Can two people learn math together by acing an arcade game? It's a question being investigated through an interactive tabletop digital game called OЯTHO, where players pick up fundamentals of the Cartesian coordinate system as their secret sauce for entering the hallowed hall of fame.

Developed by Professor Dor Abrahamson and two scientists at the Copernicus Science Centre (CSC) in Warsaw, Poland, Katarzyna Potęga vel Żabik and Ilona Iłowiecka‐Tańska, OЯTHO challenges players to collaboratively navigate a virtual ball through maze-like paths, with the objective of completing the course in the shortest time and with the fewest moves.

“OЯTHO is productive fun struggle, together, with an added value of discovering a challenging math concept, while developing empathy for the other player,” Abrahamson said. “The task itself is much harder than it looks.”

The mathematical foundation of OЯTHO is the Cartesian coordinate system — an essential concept for understanding graphs, maps, and models. Along with assessing the individual learning that happens when playing OЯTHO, Abrahamson and his colleagues are also gathering multimodal sensorimotor data, such as players’ actions, speech, gestures, and eye-gaze paths, to evaluate cutting-edge theoretical models of cognition that foreground the constitutive role of perception and action in conceptual development.

Somewhat reminiscent of Etch-a-Sketch ©, OЯTHO requires one player to be in charge of the object’s vectorial trajectory along the x-axis, and the other player controls the object’s vectorial trajectory along the y-axis. Together, the players move the object anywhere in the quadrant

What’s more, the players don’t need to speak the same language to engage with the activity. The influx of Ukrainian children into neighboring Poland in recent years has challenged Polish teachers, many of whom don’t speak Ukrainian, Abrahamson said.

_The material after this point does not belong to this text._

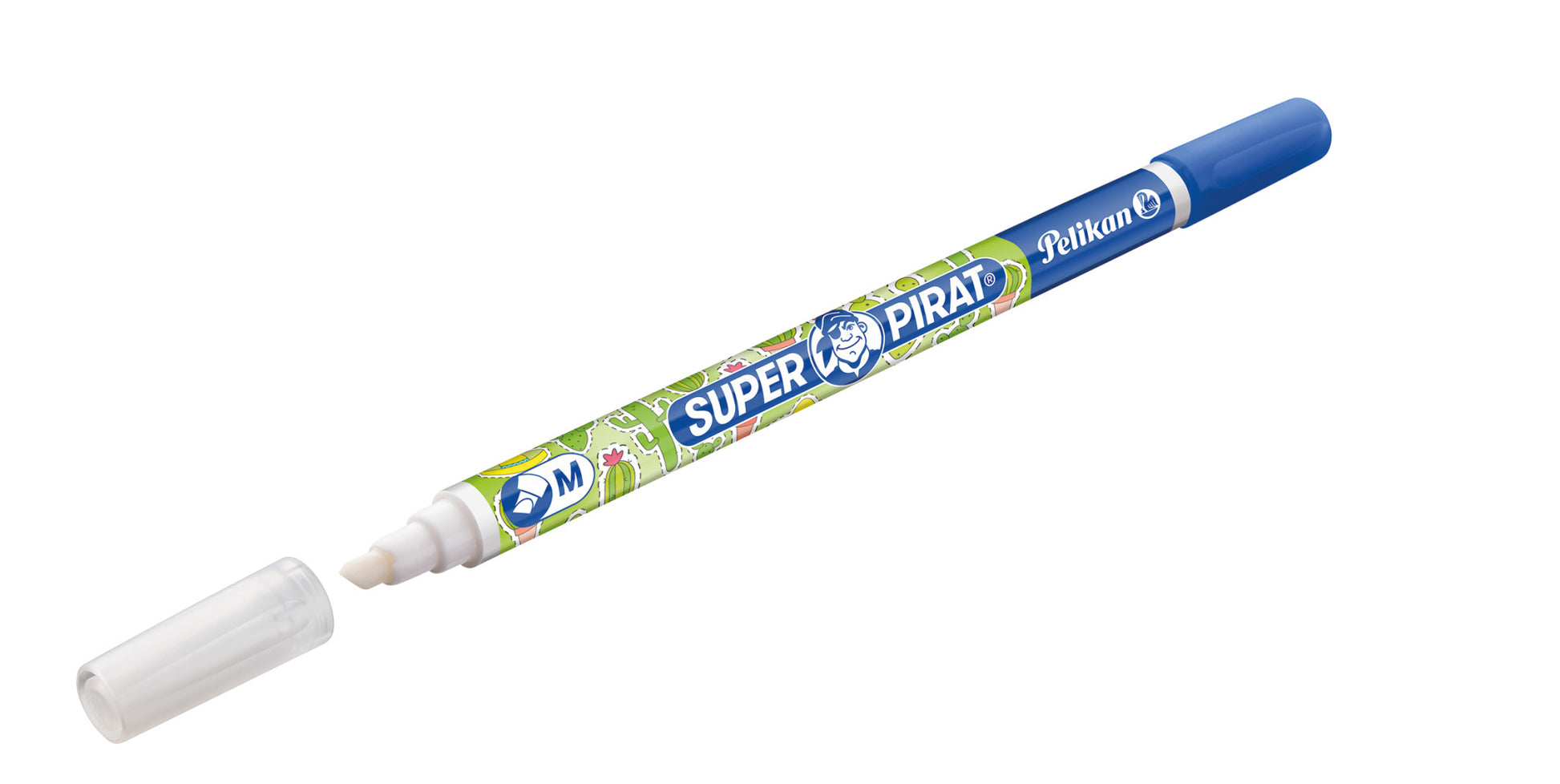 Pelikan Tintenlöscher Super Pirat 850M – Keil – Blau – Display 50 Stk.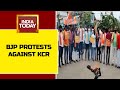Hyderabad gang-r*pe horror: BJP activists hit the streets, burn effigy of TS CM KCR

“The two players depend on each other for overall success and need to somehow communicate their ideas in real time and learn from considering what the other person has just done and is trying to do, all this without a common language,” Abrahamson said.

OЯTHO is part of the LivingLab at the Copernicus Science Centre, one of the largest science museums in Europe. It is home to a planetarium, a research center, and more than 400 hands-on activities. Since OЯTHO’s unveiling in May 2023, it has been played nearly half a million times, which is why Abrahamson’s big-data AI expert global collaborators are eager to pitch in and help with the research project. “It takes two hands to OЯTHO,” quips Abrahamson, “but we need all hands on deck for these massive data!”